The resulting table contains one field:

  • idx (tint32) - Row index (key).

This method is meant for testing and learning, and is not optimized for production performance.

Parameters
  • n (int) – Number of rows.

  • n_partitions (int, optional) – Number of partitions (uses Spark default parallelism if None).

Returns

Table

hail.utils.range_matrix_table(n_rows, n_cols, n_partitions=None) → hail.MatrixTable[source]

Construct a matrix table with row and column indices and no entry fields.

Examples

>>> range_ds = hl.utils.range_matrix_table(n_rows=100, n_cols=10)
>>> range_ds.count_rows()
100
>>> range_ds.count_cols()
10

Notes

The resulting matrix table contains the following fields:

  • row_idx (tint32) - Row index (row key).

  • col_idx (tint32) - Column index (column key).

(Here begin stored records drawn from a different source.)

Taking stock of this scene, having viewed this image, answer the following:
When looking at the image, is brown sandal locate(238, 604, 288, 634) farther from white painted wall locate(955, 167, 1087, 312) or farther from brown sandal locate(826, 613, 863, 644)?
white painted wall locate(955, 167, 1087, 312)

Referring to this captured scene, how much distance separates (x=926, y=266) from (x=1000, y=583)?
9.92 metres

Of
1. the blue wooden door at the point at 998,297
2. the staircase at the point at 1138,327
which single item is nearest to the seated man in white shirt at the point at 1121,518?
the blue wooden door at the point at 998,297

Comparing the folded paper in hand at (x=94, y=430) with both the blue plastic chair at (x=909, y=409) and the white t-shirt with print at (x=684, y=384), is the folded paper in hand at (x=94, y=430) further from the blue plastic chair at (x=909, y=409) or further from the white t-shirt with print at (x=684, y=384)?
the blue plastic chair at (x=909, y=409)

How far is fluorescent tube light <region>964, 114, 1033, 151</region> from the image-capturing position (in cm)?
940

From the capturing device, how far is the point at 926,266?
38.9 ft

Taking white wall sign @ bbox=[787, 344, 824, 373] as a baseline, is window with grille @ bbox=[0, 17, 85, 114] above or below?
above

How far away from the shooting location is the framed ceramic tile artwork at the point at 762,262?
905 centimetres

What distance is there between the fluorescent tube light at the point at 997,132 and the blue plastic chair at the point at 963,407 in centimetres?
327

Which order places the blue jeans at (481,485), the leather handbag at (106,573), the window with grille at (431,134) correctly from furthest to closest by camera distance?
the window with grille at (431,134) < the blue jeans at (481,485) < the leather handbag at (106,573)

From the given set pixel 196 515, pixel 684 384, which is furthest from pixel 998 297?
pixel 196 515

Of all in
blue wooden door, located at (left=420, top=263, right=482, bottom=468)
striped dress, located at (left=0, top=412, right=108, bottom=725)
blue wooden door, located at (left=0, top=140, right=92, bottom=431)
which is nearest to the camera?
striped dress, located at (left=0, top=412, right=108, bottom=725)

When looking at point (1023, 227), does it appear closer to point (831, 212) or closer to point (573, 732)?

It contains no entry fields.

This method is meant for testing and learning, and is not optimized for production performance.

Parameters
  • n_rows (int) – Number of rows.

  • n_cols (int) – Number of columns.

  • n_partitions (int, optional) – Number of partitions (uses Spark default parallelism if None).

Returns

MatrixTable

hail.utils.get_1kg(output_dir, overwrite: bool = False)[source]

Download subset of the 1000 Genomes dataset and sample annotations.

Notes

The download is about 15M.

Parameters
  • output_dir – Directory in which to write data.

  • overwrite – If True, overwrite any existing files/directories at output_dir.

hail.utils.get_movie_lens(output_dir, overwrite: bool = False)[source]

Download public Movie Lens dataset.

Notes

The download is about 6M.

See the MovieLens website for more information about this dataset.

Parameters
  • output_dir – Directory in which to write data.

  • overwrite – If True, overwrite existing files/directories at those locations.